Monday, July 30, 2007

I've got a secret

Well I didn't want to mention it because I was afraid I would jinx it. Everyone knows how that happens. But don't get too excited it's not about publishing or agents. I'll keep dreaming.
The last few weeks I've been meeting with a writing group. I'm one of three people. One of the writers is an old acquaintance from high school. The other was/is a teacher at my old high school, although I didn't realize it until the other group member pointed it out.
Every week I worried that one or both wouldn't show up. Leaving me alone again or in awkward conversation with someone I didn't know. But it worked for a few weeks so I've been pretty lucky.

And I just want to say that my meeting with this group does not mean that I have given up on a writing group with my southeast pals. Writing is my life and the more I get of it the more I'm thriving. Plus it's always wonderful to have more opinions. Not to mention that I hold back a little with the work I bring to this group because one of the writers seems a bit more conservative (not in a political sense) so I don't want to make anyone uncomfortable. It's not like I'm writing erotica but some of the content of Human Decency might be a little harsh.

Besides the only reason I dared to mention the writing group today is because I'm not certain it will be around much longer. Both members are teachers, one that will be on vacation for the next three weeks and soon after that school will be starting so I imagine time will be limited. And the member who I went to high school with is also a teacher. She's going to Maryland next week to interview for a job that I hope she gets. Not because I don't want her around but she's been looking for a job and Michigan is pretty much out of them. So I'm fairly sure that it won't be long before the group is no more. We've been trying to get a few more people. There have been potentials and still are but so far not much has come of it. With as hard as it was to get it started in the first place I'm not holding my breath.

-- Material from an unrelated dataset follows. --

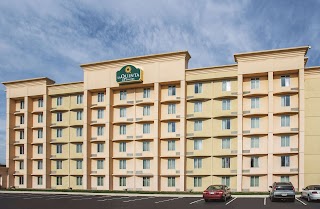 La Quinta Inn & Suites by Wyndham Indianapolis South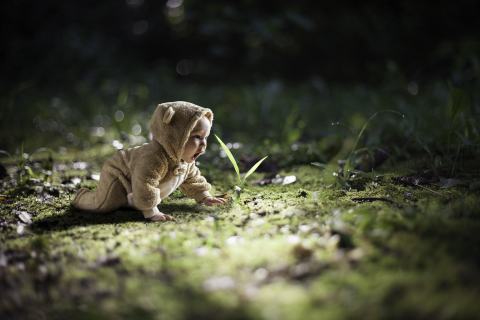 Fondo de pantalla Cute Baby Crawling 480x320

Anyway, I've gotten a few stories reviewed by my group so far. The first one is my story about companion animal abandonment. The second was a story that I just recently submitted to a somewhat prestigious magazine and to be honest I probably wouldn't have done it had I not had advice and proofreading from others. The third was a dark comedy of sorts about a somewhat unfortunate girl that my group wanted to make even more unfortunate.
I've gotten positive but constructive feedback. And I've gotten a lot of tips on grammar. I worry more about the story than the technical aspects so it's been a super bonus having two teachers read over my work. I've also greatly enjoyed reading their work. Second to writing, reading is a big chunk of my life and I love to read works in progress.

So I'm bummed that it may come to an end but glad that I had it for the short time I did. And I'm optimistic that I'll maybe have a writing group with others, no pressure though. I know everyone's busy having lives and careers.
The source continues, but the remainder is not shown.